9511 Lake Shore Boulevard "Katewood"
Plat No. 631-01-002
James and Clara Salisbury acquired the twelve-acre property from Mary Bratenahl on October 27, 1870.
Albert and Katherine Holden acquired the eleven and one-half acres east of the home of Albert's father, Liberty Holden, on June 7, 1899. The property that once was Liberty Holden's cow pasture extended to Louis Avenue with Lake Erie to the north and Salisbury Avenue to the south. Construction of an 8,600 square-foot Shingle-style summer cottage designed by Alfred Hoyt Granger began shortly thereafter.
Alfred Hoyt Granger, a native of Ohio, studied at the Massachusetts Institute of Technology and the Ecole des Beaux-Arts. A partnership of Granger with Frank B. Meade lasted from 1894 to 1897, after which Granger joined his brother-in-law, Charles Sumner Frost, in the firm of Frost & Granger in Chicago.
Albert named his new home, Katewood, in honor of his wife. Other buildings on the property included an ice house, horse stable, and a cow barn.
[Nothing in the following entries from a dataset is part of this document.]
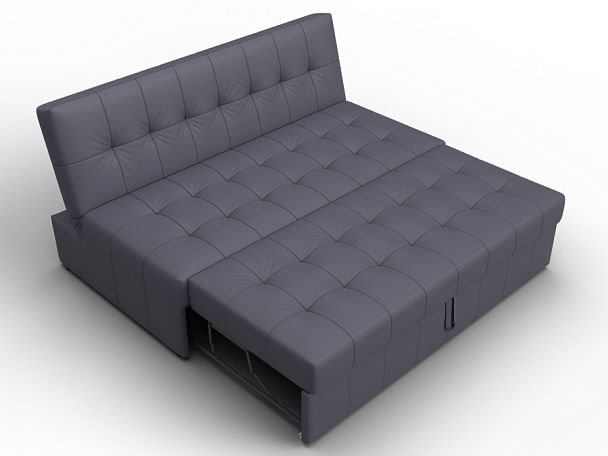 Диван прямой Лига-107 (160) Экокожа серый - Вид 7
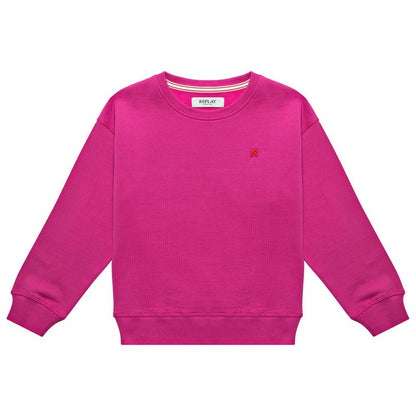 REPLAY & SONS Felpa Girocollo SG93A8.000.00L35 Rosa Ciclamino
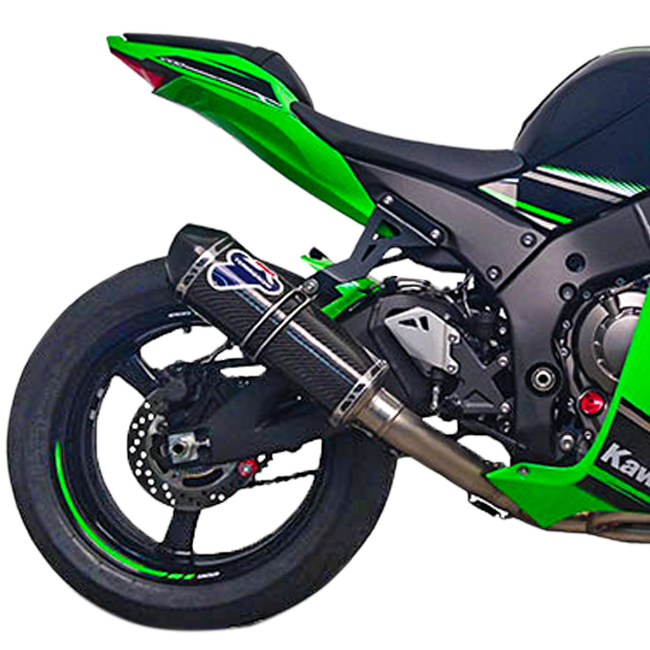 Termignoni Volledige uitlaat Titanium Kawasaki ZX-10 R/RR (16-20) K08010200TCC 
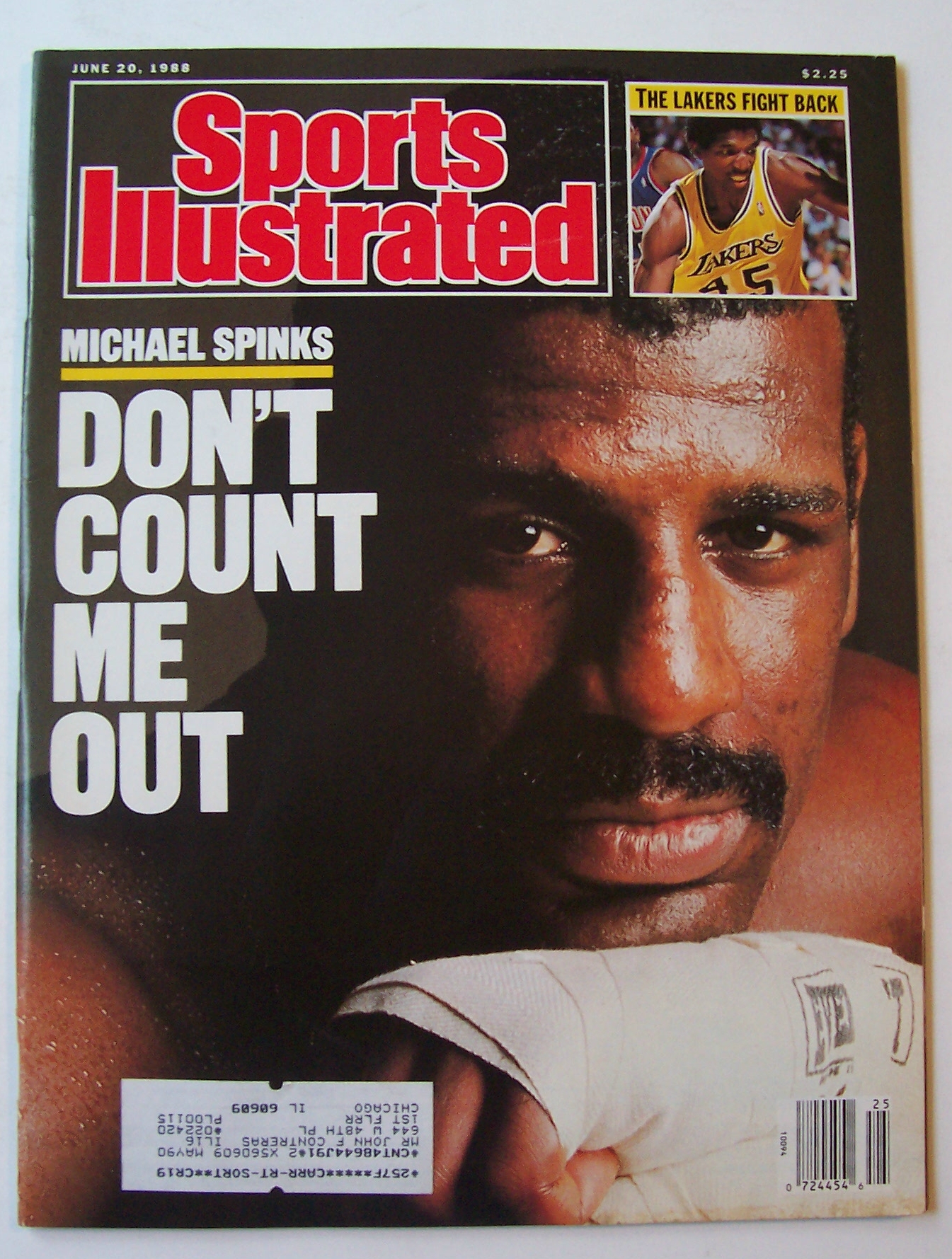 Sports Illustrated Magazine -June 20, 1988- M. Spinks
Albert, Katherine, and their young daughters happily moved in, far from the soot and commercialism that had begun to drift over the grand homes of Euclid Avenue. It was a Victorian country house, with all shingles stained dark green. The elegant interior contrasted with the “cottage” understatement. The hall, the living room, and the dining room each had a fireplace. Three additional fireplaces were in the six bedrooms on the second floor, and two more on the third floor, all in addition to two coal-fired furnaces.
A house staff of seven used all the latest developments for housekeeping – a slide-in gas clothes dryer, and a walk-in cold room with ice delivery every other day.
Some features in the home were especially intriguing. The fireplace in the living room had a mantle over it that was the back of a sideboard. The mantle was part of the furnishing of the conqueror Cortez. It had come into the possession of the dictator of Mexico, Porfirio Diaz, at the turn of the century. The piece was given to Albert Holden in appreciation for the work he had done to develop Mexican gold and silver mines.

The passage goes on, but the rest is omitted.